大金が獲られるうえ、攻撃ツールの入手も容易になったことで、ランサムウェアによる脅迫はこれからも今そこにある脅威であり続けると考えられます。ここで、自社セキュリティを確保するために、サイバーセキュリティ業務に携わる方にご留意頂きたい幾つかの点をご紹介します。
侵入経路
デジタル接続が増え、ITインフラが複雑になり、サプライチェーン・ネットワークが入り組んだことによって、企業が攻撃を受ける領域が劇的に拡がってしまいました。その意味するところは、手練れのサイバー犯罪者にとって、ランサムウェアの弾頭を持って内部ネットワークに侵入することが、これまでになく容易になったということです。
そこで、数多の企業が手あたり次第に標的にされる「数打てば当たる」式の、当たるも八卦的なハッキング攻撃も今や、大きな引き潮として遠ざかっています。ハッカー集団は先鋭化しつつ高度な組織化を遂げて犯罪カルテルの態をなし、極めて慎重に攻撃対象を選んでは、幾手にも分かれて洗練されたグループ連携攻撃をするようになってきています。
とは言え、ランサムウェアの侵入経路は以下の3つのいずれかとなるでしょうから、これらの方法を知っておけば、状況を注視し、安全を保つのに役立つでしょう。
1.標的型ランサムウェア攻撃:プロ意識が高い練達のハッカーたちは慎重に標的企業を選ぶと、数カ月を費やし偵察を行い、あらゆる情報源から当社事業、IT基盤、従業員に関する情報を集めていきます。そうすることで、社内のシステム管理者などの特権ユーザーをスピアフィッシング攻撃で狙撃したり、社員を何人かインサイダーとして味方につけたりすることを可能にするのです。
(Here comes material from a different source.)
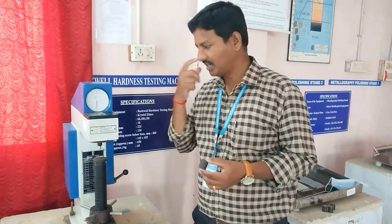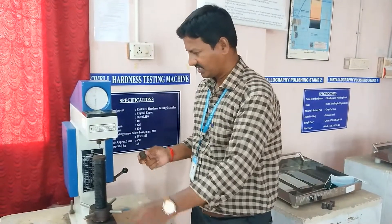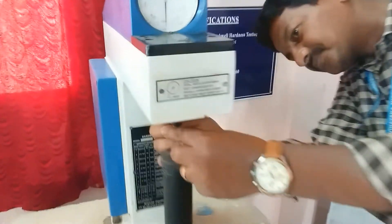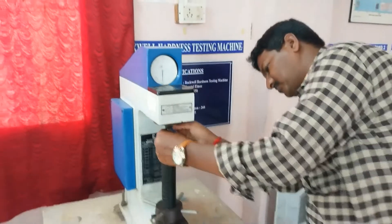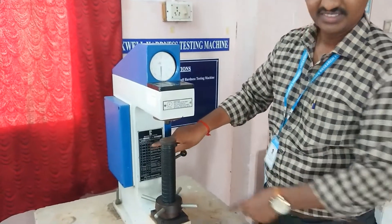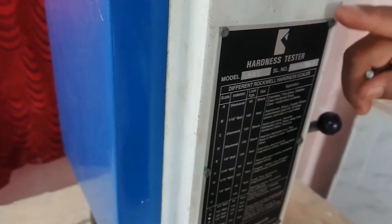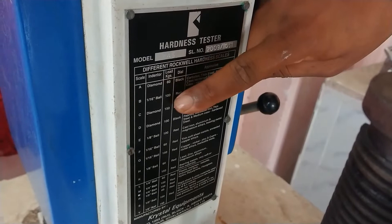This is the Rockwell hardness testing machine. You have to find the hardness number. This is called the indenter. Depending upon the material you are using, you can use either a ball indenter or a diamond indenter, and select the scale accordingly. For a ball or diamond indenter, you can choose based on the material.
2.サプライチェーン攻撃:サイバー防御力の強さは、サプライチェーン上のパートナーの最もセキュリティの弱い会社の防御力で決まると言えます。サプライチェーン攻撃が増勢にあるのは、一つには、いかに堅牢なネットワークであってもパートナー企業群に防御力の弱いところがあると、サイバー犯罪者にアクセスを許してしまうからです。二つ目の理由として、サイバー犯罪者たちにとっては、いちどきに複数会社を標的として設定できるため、たとえば、餌食にする企業の関係者一人残らずにランサムウェアをばら撒くこともできるからです。まさにそれが、Kaseyaのランサムウェア攻撃で起きたことで、非常に手の込んだ、全く前例を見ない攻撃となりました。この件では、中小企業のサービスプロバイダーが複数影響を受け、彼らの顧客たちにも広がったのです。
3.攻撃の巻き添え: コンピュータプログラム一般と同様に、ランサムウェアも時には欠陥によって計画とまったく異なる結果になることがあります。NSAが作成したマルウェアをベースにしたランサムウェアWannaCry事件でもそうでした。このような制御が外れて暴走する攻撃は最近では滅多にありませんが、それでも多くの企業が激しい攻撃を浴びせられています。デュッセルドルフ大学病院が、ハインリヒ・ハイネ大学を狙ったランサムウェアの巻き添え被害に遭いましたが、これもその一例です。また例えば、コロニアル・パイプラインのハッキングのように、攻撃の結果が広範囲に及ぶことを犯人たちでさえも予期できていないケースもあります。